王彦章,字子明,五代时郓州寿张人,少为军卒,事梁太祖。据欧阳修《新五代史》记,“彦章为人骁勇有力,能跣足履棘行百步。持一铁枪,骑而驰突,奋疾如飞,而佗人莫能举也,军中号王铁枪”。梁末帝即位后,宠信权奸,国事大坏。由于内部的挚肘,彦章在与晋军作战中兵败负伤被擒,然“其于忠义,盖天性也”。庄宗(李存勖)爱其骁勇,欲全活之,使人慰谕彦章,彦章谢曰:“臣与陛下血战十馀年,今兵败力穷,不死何待?且臣受梁恩,非死不能报,岂有朝事梁而暮事晋,生何面目见天下之人乎!” 遂见杀,年六十一。
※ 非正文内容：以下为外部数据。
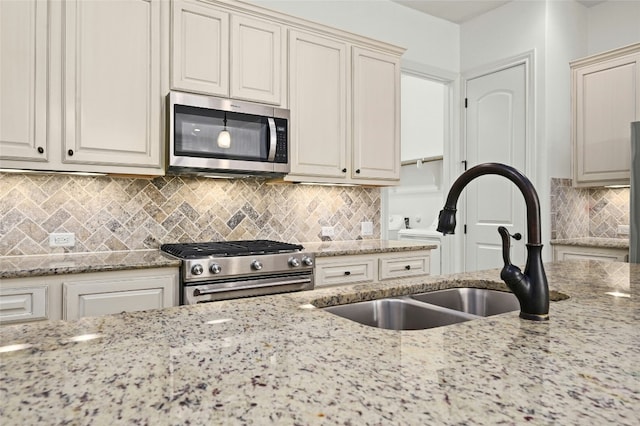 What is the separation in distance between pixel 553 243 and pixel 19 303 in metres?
3.85

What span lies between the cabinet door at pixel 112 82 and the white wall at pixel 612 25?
13.0 ft

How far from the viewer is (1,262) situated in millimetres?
2203

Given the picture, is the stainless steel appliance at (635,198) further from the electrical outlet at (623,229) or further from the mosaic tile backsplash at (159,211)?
the mosaic tile backsplash at (159,211)

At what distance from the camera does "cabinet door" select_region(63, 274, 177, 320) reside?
207 centimetres

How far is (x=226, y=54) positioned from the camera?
280 centimetres

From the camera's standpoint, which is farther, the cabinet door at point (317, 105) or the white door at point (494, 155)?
the white door at point (494, 155)

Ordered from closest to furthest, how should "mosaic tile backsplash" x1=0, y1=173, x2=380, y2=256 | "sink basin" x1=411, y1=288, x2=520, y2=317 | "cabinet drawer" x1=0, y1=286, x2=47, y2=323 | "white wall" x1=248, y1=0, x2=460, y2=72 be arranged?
"sink basin" x1=411, y1=288, x2=520, y2=317
"cabinet drawer" x1=0, y1=286, x2=47, y2=323
"mosaic tile backsplash" x1=0, y1=173, x2=380, y2=256
"white wall" x1=248, y1=0, x2=460, y2=72

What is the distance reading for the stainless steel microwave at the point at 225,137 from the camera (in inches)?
102

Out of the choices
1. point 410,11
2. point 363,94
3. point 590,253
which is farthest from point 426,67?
point 590,253

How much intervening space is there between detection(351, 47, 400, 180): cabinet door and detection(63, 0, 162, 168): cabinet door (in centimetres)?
147

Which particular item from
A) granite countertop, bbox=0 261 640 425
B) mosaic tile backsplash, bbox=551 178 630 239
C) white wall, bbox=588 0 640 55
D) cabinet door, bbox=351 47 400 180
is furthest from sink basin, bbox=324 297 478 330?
white wall, bbox=588 0 640 55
小说戏剧中的王彦章,其形象比正史中更是特点突出,血肉丰满。罗贯中《残唐五代演义》中王彦章的首次出场亮相便是在“寿章县淤泥河”驾船剪径,“来了个唐营十三郎”,于是才有了“李存孝力压王彦章”的故事。秦腔《苟家滩》的故事情节基本上和罗的《残唐》是一致的,其结局都是“五龙逼死王彦章”。后世的评书诸如《杨家将》,又由此扩张为“五龙二虎困彦章”,其二虎之一便是杨家的先祖杨衮了,此是后话。小有区别的是《残唐》中的作战地点是“宝鸡山”,戏剧中作“鸡宝山”;最终王彦章被诱入“狗家疃”人头峪,并有“獐入狗口”之说。另外,《残唐》中指挥晋唐作战的是直北大潼的史建瑭,可能是为了增强戏剧效果,《苟家滩》中晋唐主将变成了“白马铁枪高士继”的儿子,九岁的娃娃高宝童,也就是后来的“高鹞子高兴周”了。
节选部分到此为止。